Finance Minister Shri Pranab Mukherjee made the following intervention on ‘Managing Inflation and Capital Flows’ at Hanoi, today .
“Before the onset of global crisis, we faced food and fuel price volatility. During the global crisis of 2008-09, with collapse of demand, we experienced a broad flattening of prices. And, as the world experienced recovery from the crisis, different parts of the world faced highly differentiated recovery and inflationary conditions. Till about a few months ago, the slow recovering advanced economies, with few exceptions, still faced low inflationary conditions, while fast recovering emerging economies faced higher inflation.

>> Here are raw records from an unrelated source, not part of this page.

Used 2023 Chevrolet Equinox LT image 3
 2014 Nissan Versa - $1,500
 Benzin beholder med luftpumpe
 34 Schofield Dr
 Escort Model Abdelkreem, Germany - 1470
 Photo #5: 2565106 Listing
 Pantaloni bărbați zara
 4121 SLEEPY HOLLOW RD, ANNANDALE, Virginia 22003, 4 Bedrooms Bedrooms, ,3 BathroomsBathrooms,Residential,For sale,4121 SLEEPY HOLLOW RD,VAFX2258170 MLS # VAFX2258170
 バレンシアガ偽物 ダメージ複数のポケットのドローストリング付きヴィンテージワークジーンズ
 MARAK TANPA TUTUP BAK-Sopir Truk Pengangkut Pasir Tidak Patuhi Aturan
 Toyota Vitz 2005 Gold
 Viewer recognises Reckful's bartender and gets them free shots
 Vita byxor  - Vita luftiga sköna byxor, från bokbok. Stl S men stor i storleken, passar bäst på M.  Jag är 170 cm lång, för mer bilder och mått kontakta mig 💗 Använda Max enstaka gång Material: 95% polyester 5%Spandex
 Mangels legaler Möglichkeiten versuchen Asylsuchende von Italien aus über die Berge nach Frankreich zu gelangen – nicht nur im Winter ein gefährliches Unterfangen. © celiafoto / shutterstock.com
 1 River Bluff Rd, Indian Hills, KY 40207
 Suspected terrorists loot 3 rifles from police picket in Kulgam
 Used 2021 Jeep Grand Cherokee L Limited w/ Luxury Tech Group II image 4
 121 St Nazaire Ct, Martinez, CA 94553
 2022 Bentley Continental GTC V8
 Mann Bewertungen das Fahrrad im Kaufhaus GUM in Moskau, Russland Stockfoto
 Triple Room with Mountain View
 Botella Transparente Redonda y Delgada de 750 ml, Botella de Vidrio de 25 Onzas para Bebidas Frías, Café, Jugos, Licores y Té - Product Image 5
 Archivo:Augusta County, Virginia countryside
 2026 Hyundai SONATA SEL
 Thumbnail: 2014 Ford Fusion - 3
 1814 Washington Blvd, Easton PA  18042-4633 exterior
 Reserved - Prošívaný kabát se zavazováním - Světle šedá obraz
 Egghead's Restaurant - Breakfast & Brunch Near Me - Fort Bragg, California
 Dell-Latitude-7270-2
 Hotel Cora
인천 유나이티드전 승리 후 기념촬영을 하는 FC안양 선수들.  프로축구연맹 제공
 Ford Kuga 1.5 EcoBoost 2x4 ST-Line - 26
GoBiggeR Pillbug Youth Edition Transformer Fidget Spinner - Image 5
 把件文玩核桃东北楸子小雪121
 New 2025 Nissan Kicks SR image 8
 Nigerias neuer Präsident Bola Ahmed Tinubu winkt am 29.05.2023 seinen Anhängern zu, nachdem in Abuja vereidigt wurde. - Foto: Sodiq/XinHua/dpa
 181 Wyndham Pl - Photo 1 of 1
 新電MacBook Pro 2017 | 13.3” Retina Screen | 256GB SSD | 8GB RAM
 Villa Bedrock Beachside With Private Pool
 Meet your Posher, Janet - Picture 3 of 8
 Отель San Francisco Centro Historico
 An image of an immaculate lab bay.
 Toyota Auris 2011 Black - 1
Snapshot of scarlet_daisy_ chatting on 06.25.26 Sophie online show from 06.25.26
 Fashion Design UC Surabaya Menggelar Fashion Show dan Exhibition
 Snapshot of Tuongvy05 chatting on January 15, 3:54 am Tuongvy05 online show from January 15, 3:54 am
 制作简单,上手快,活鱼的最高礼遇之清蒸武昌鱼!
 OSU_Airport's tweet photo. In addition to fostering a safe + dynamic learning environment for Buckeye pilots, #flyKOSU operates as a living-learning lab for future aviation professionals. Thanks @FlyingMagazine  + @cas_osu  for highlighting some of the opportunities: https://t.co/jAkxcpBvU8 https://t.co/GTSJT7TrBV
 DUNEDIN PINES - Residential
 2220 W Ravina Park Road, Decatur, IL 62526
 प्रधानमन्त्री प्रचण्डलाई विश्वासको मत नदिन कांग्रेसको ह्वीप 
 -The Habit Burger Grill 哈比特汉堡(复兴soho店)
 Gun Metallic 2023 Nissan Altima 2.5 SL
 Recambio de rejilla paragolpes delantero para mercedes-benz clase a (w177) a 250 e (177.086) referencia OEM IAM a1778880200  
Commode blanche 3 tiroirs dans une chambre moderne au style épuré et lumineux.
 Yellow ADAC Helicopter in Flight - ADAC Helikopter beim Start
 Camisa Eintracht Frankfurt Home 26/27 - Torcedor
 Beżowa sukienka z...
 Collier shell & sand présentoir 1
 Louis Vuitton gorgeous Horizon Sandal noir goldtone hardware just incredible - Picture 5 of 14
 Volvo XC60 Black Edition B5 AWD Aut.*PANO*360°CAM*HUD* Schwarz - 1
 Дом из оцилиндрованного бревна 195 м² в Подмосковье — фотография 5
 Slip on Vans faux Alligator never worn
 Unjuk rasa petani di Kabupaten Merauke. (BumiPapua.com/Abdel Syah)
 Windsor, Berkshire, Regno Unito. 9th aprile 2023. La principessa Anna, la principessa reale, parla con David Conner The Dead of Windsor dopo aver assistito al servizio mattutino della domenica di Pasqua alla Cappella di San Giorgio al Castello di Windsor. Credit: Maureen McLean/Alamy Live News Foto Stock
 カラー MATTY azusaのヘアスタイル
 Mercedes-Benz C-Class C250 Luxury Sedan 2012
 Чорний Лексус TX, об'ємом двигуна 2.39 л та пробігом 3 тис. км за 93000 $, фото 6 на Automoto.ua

This highly differentiated recovery and inflationary conditions threw up several challenges in global economic cooperation and the rebalancing exercise. Loose monetary conditions of advanced economies, to fight deflationary trends and foster recovery, have led to volatile capital flows and partly contributed to volatility in commodity prices. Today the entire globe is facing a simultaneous volatility in food, fuel prices and commodity prices. Thus, over the last four years, we have moved from a fuel crisis to a food crisis to a financial and economic crisis and now, we are back to a food and fuel price crisis.
In many EMEs particularly India, food price inflation has led to general inflation. However, due to several measures taken by the Government on supply side, measures to control fiscal deficit and eight successive policy rate increases by the Reserve Bank, this is tapering off. Recent volatility in global prices of food and fuel has, nevertheless, thrown up fresh challenges in management of inflation. Price volatility now appears to be on the way to becoming a long term and a global phenomenon.
We need to look closely at contribution of different factors to food price volatility and inflation, in order to understand and respond through policy reform. Since a significant part of inflation is due to imbalances and inadequacies in global financial and monetary management, one set of policies needs to address issues such as excessive liquidity and speculation and another set of policies need to address other issues of a transitory nature such as drought and floods in major producing countries, panic buying, exchange rate fluctuations etc. In addition, a third set of policies is required to understand and address the longer term underlying structural issues.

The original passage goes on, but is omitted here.